Lorsque vous travaillez comme illustrateur jeunesse, votre démarche artistique est-elle sensiblement la même que dans votre travail de peintre professionnel?
Ma démarche artistique, en tant que peintre, est terriblement personnelle et solitaire et est sujette à une impulsion expressive qui part de mes expériences lors de voyage en canot ou de sortie en forêt. Alors que mon travail d’illustrateur jeunesse, lui, est effectivement un antidote à la solitude. Elle permet de m’inspirer et d’épauler le travail de l’autre. Elle me permet de travailler en équipe et d’interagir pour créer une œuvre collaborative. Je m’occupe d’ailleurs du montage graphique des livres que j’illustre, et le tout est sujet à la rétroaction de l’éditeur, du correcteur, de l’auteur, etc.

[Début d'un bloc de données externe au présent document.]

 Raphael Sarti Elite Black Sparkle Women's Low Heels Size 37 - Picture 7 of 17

Toutefois, les œuvres littéraires que je choisis d’illustrer toucheront la plupart du temps une corde sensible et personnelle. Dans ce cas, je peux y mettre un peu plus de moi-même dans le travail. Je suis d’ailleurs plus confortable lorsque je dois dessiner des arbres et des animaux, même si ceux-ci demandent à être caricaturés.

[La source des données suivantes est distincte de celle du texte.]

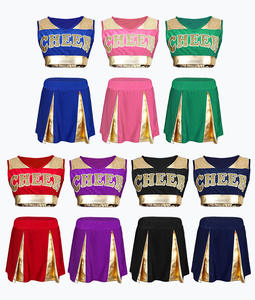 Uniforme de Animadoras sin Mangas de Primera Calidad MANGOES FASHION para Niñas y Adultas, con Logotipo Personalizado OEM, Nuevo, 100% Poliéster de Secado Rápido - Product Image 1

Vous avez signé les illustrations de près de cinquante livres jeunesse, allant de couvertures de romans à des abécédaires émérites. Qu’aimez-vous dans cet aspect de votre travail, qui s’adresse à un tout autre public qu’à celui de vos toiles? Les enfants sont-ils un public dévoué, indulgent ou critique?
J’adore être inspiré et créer un monde visuel à partir de l’imaginaire de l’auteur. Selon le contexte de l’histoire racontée, j’aime créer des images parfois farfelues, ajouter des détails extravagants ou créer un contexte ou un arrière-plan qui va au-delà de l’intention de l’auteur, mais qui risque d’interpeller le lecteur, surtout le lecteur jeunesse. (Effectivement, je suis moins concerné par le public que par ce qui m’enchante lorsque je dessine.) Mais si je m’amuse, le lecteur s’amusera possiblement. Mais cela étant dit, il reste que mes propres enfants sont mes plus grands admirateurs.

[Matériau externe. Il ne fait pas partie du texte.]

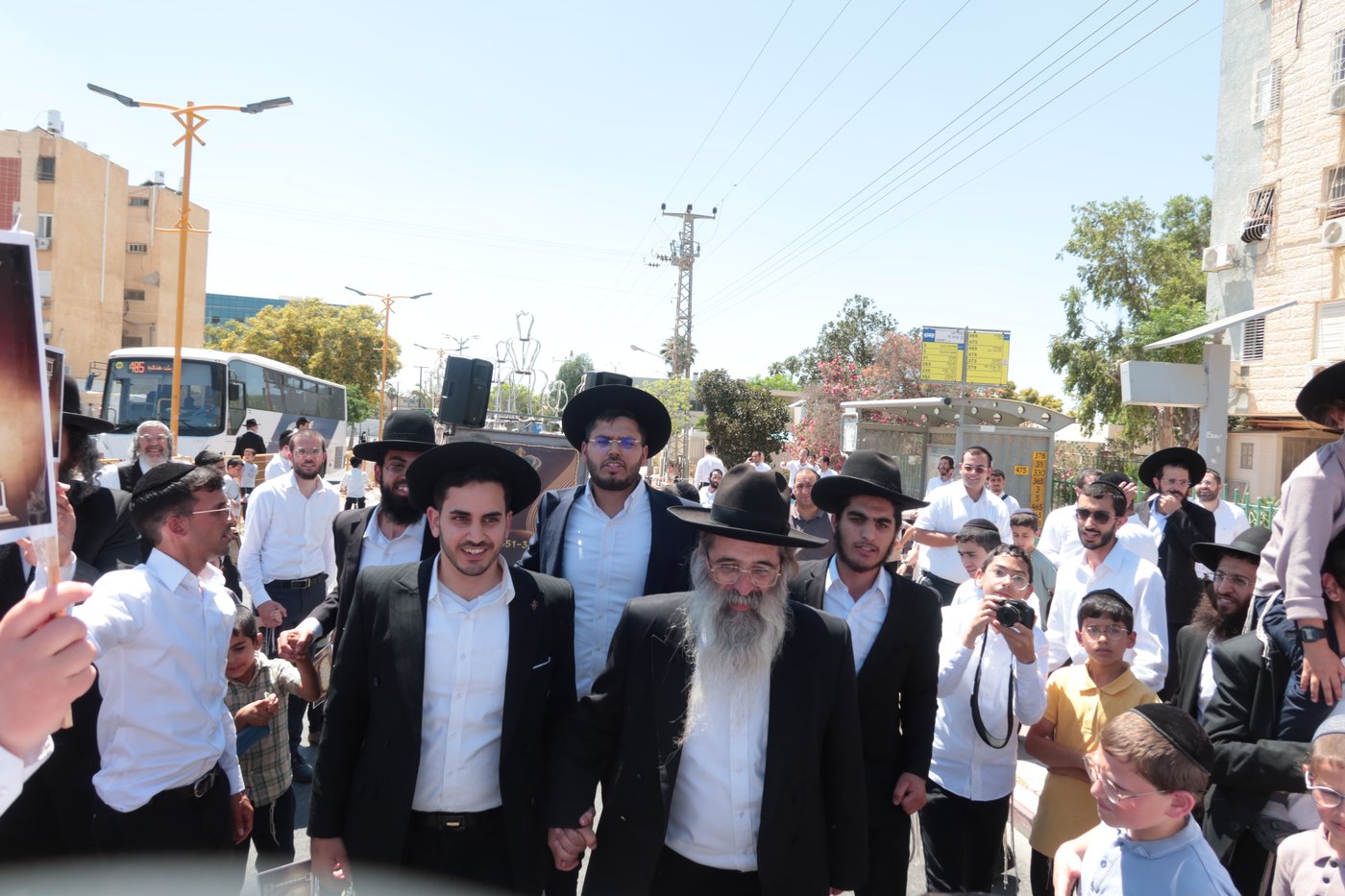 קבלת פנים לאסיר צוריאל צדוק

Dans Le géant du Nord canadien (Bouton d’or Acadie), texte inspiré d’une légende autochtone, vous deviez mettre en scène un géant glouton, piégé par des huards, qui, dit-on, créa les lacs qui font aujourd’hui la renommée du Canada. Parlez-nous de la création de cet album.
L’histoire du géant canadien est une histoire que je racontais à ma façon à mes enfants lorsque je les amenais en canot-camping. Nous nous rendions souvent à un lac qui nous est bien familier. Ce sont vraiment les paysages de ce lac dont je me suis inspiré pour créer les images. Évidemment, le lac n’est pas aussi grand que le lac original! Toutefois, il y a toujours un couple de huards (souvent accompagnés de leurs petits) qui nous chantent la plainte chaque soir…

Dans Où naîtront les hirondeaux? (Bouton d’or Acadie), touchante histoire de cohabitation entre l’homme et les animaux, une hirondelle doit se trouver un nouveau lieu pour pondre ses œufs. Quel a été le plus grand défi — ou votre plus belle découverte — lors de la création des illustrations pour cet album signé Émilie Demers?
Je crois que le défi d’illustrer ce livre est aussi le défi de notre époque. Je voulais bien représenter la nature, mais aussi représenter une sorte d’équilibre entre cette vie moderne que nous avons et celle où nous offrons un habitat convenable pour la faune et la flore.

Avec Sylvain Rivière, vous avez fait paraître l’abécédaire Ah! Pour Atlantique (Bouton d’or Acadie), un ouvrage qui rend hommage aux mots liés au domaine maritime: les trésors des mers autant que les mythes de Neptune ou les sorties en kayak. Quelle relation, pour votre part, entretenez-vous avec l’Atlantique?
Mon village natal est situé sur le bord de la mer. J’y habite encore d’ailleurs. La mer, je l’ai explorée en bateau, en canot et en kayak. J’ai passé de longues heures à explorer ses rives.

(Récemment, dans le but d’en faire l’expérience, je me suis fait engager pour travailler sur un bateau de pêche aux homards!) Donc, Ah! Pour Atlantique décrit un environnement bien familier pour moi.